What is the sound of one politic marring?
“Stop execution, murderer pleads;
‘Politics mar death penalty, he says”
Or should it be “Politics mars death penalty”? In other words, is politics singular or plural? We've wrestled with this question before, but I decided to give it a rematch.
William Safire knew where he stood, on this and most everything else. Safire's Political Dictionary says, “The word ‘politics' is construed as singular, as in ‘Politics is fun,' but when it is used to denote a set of beliefs, the plural takes over, as ‘My politics are nobody's business.' ”
That distinction is too fine for Random House, which says simply that politics is “used with a singular or plural verb.”
Garner's Modern American Usage leans Safire's way. “As with similar –ics words denoting disciplines of academics and human endeavor, politics is treated as singular when it refers to the field itself <all politics is local>
Following that rule, I'd say that politics in the headline quoted above is singular: Politics mars, it doesn't mar. Politicians now, they can do some marring.
William Lindsey writes:
“When did the phrase ‘a couple' followed by a plural noun become standard English usage? Publications including the Arkansas Times now use this construction unapologetically — ‘At worst, you'll get a solid hamburger for a couple bucks.'
“I don't recall ever hearing this usage in Arkansas until recently. I have heard it in the urban northeast before. But to my ear as an Arkansas native, it sounds imposed — and incorrect.”
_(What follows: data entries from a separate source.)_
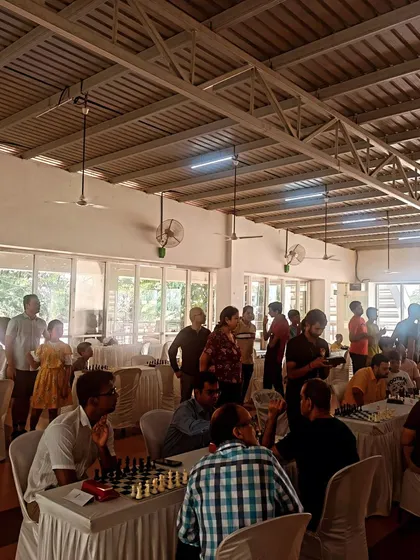 The tournament is in full swing at a community clubhouse. We use the Swiss format to ensure that players are matched with opponents of similar skill levels throughout the event.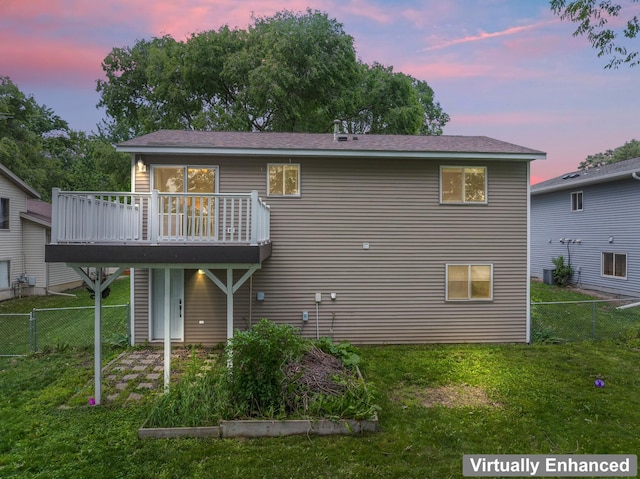 3902 Strathmore Ln SE, Rochester, MN 55904 - back of house at dusk with a deck and a garden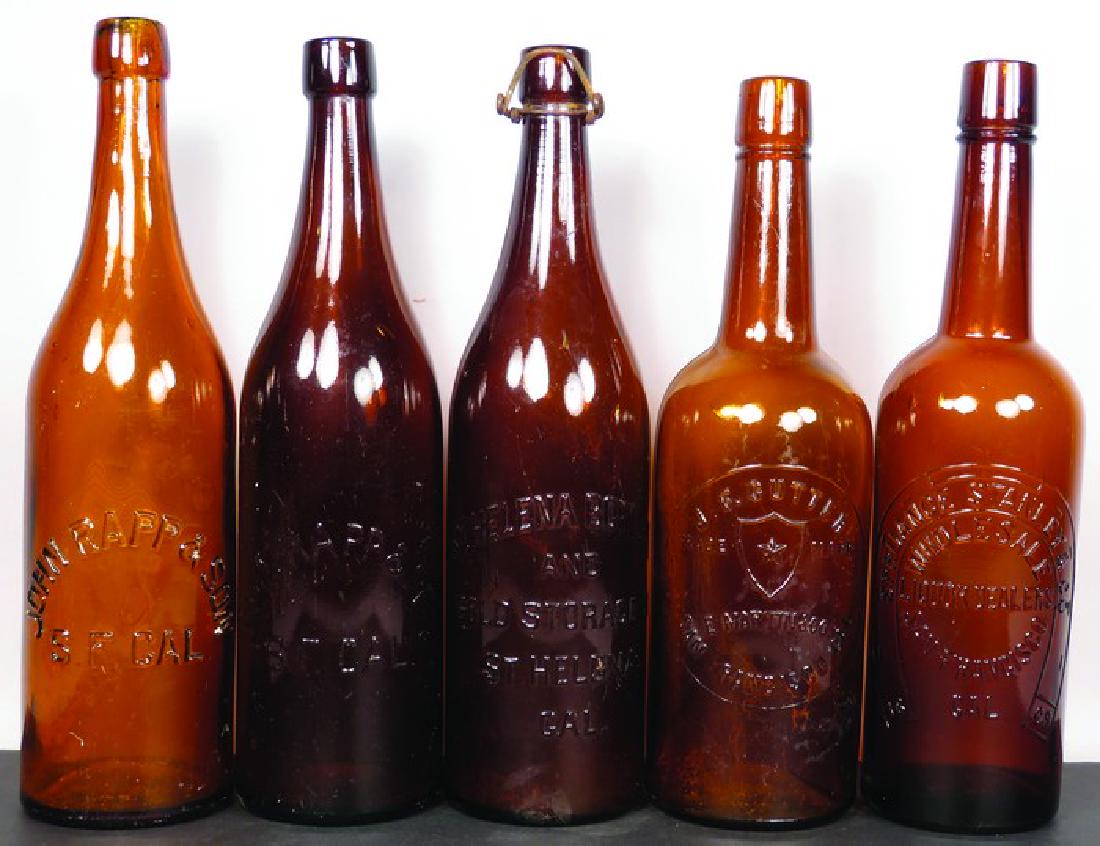 Collection of Embossed Amber Liquor Bottles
It sounds funny to me too, and I agree that “couple of bucks” used to be much more common in this part of the country. Garner says that when couple is used as a noun, it requires the preposition of to link it to another noun. He concedes that the of is often omitted these days, “But idiom has not yet admitted this casual expression as standard.” Admission is not far off, I suspect, though I won't like it.